Available to US users from Thursday, the change accommodates those who do not identify with gender binaries, while the function which allows people to conceal their gender will still be available.

Previously, users were restricted to choosing from male, female or not listing a gender at all, which LGBTI campaigners regarded as restrictive.

But now, Facebook will list over 50 different gender options, including transsexual , bigender, androgynous, intersex, and genderfluid.

It will also enable users to select whether they would like to be referred to as he, she or they, in instances when pronouns are used on the website.

“There's going to be a lot of people for whom this is going to mean nothing, but for the few it does impact, it means the world,” said Facebook software engineer Brielle Harrison, who worked on the project and is herself undergoing gender transformation, from male to female.

On Thursday she said she was also changing her Facebook identity from Female to TransWoman.

A screen shot released by Facebook shows the new gender option screen.
A screen shot released by Facebook shows the new gender option screen. (AP Photo/Facebook)

“All too often transgender people like myself and other gender nonconforming people are given this binary option, do you want to be male or female? What is your gender?
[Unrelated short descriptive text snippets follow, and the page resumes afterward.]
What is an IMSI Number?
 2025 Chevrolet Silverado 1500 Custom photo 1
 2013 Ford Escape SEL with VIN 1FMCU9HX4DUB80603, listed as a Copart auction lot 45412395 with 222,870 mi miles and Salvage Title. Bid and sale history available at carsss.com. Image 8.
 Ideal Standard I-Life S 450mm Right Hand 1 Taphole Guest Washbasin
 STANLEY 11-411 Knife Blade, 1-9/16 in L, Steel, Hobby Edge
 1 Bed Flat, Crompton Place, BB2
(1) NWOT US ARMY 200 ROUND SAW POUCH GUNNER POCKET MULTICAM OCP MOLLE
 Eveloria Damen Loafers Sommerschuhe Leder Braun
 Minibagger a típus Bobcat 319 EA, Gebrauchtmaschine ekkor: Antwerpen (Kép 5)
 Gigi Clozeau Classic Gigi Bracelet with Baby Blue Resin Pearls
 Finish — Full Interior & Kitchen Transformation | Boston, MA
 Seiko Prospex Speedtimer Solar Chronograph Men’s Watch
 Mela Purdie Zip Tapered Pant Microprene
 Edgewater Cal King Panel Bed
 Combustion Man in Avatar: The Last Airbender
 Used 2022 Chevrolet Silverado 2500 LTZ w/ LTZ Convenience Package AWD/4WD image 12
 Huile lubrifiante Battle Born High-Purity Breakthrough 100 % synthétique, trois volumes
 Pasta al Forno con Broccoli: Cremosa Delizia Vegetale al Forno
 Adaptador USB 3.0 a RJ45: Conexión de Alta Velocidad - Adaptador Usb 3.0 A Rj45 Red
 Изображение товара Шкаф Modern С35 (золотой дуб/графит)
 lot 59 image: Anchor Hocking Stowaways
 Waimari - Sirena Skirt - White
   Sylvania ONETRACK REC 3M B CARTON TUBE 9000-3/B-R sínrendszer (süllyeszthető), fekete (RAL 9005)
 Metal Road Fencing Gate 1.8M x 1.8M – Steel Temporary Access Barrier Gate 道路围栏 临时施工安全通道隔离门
And it's kind of disheartening because none of those let us tell others who we really are,” she said.

“This really changes that, and for the first time I get to go to the site and specify to all the people I know what my gender is.”

The Williams Institute, a think tank based at the University of California, Los Angeles, estimates there are at least 700,000 individuals in the US who do not live as the gender that was assigned to them at birth.

Human Rights Campaign President Chad Griffin praised the move, and said: “Over the past few years, a person's Facebook profile truly has become their online identity, and now Facebook has taken a milestone step to allow countless people to more honestly and accurately represent themselves.

"Facebook's action is one that I hope others heed in supporting individuals' multifaceted identities," he added.

The move by Facebook came after years of lobbying from users, some who started Facebook pages to petition for the change.

Google+ offers male, female and ”other“ as choices, but transgender advocates said Facebook's many specific options puts the platform well ahead of any other mainstream online community.

The idea of expanding gender choices was considered by Facebook for about a year, and came to fruition during an in-house brainstorming session last year, project manager Lexi Ross said.

Dozens of people posted appreciative messages on the company's diversity website, although there were some calling for relationships beyond son and daughter to be introduced to complete the change, as well as the introduction of more sexual preferences.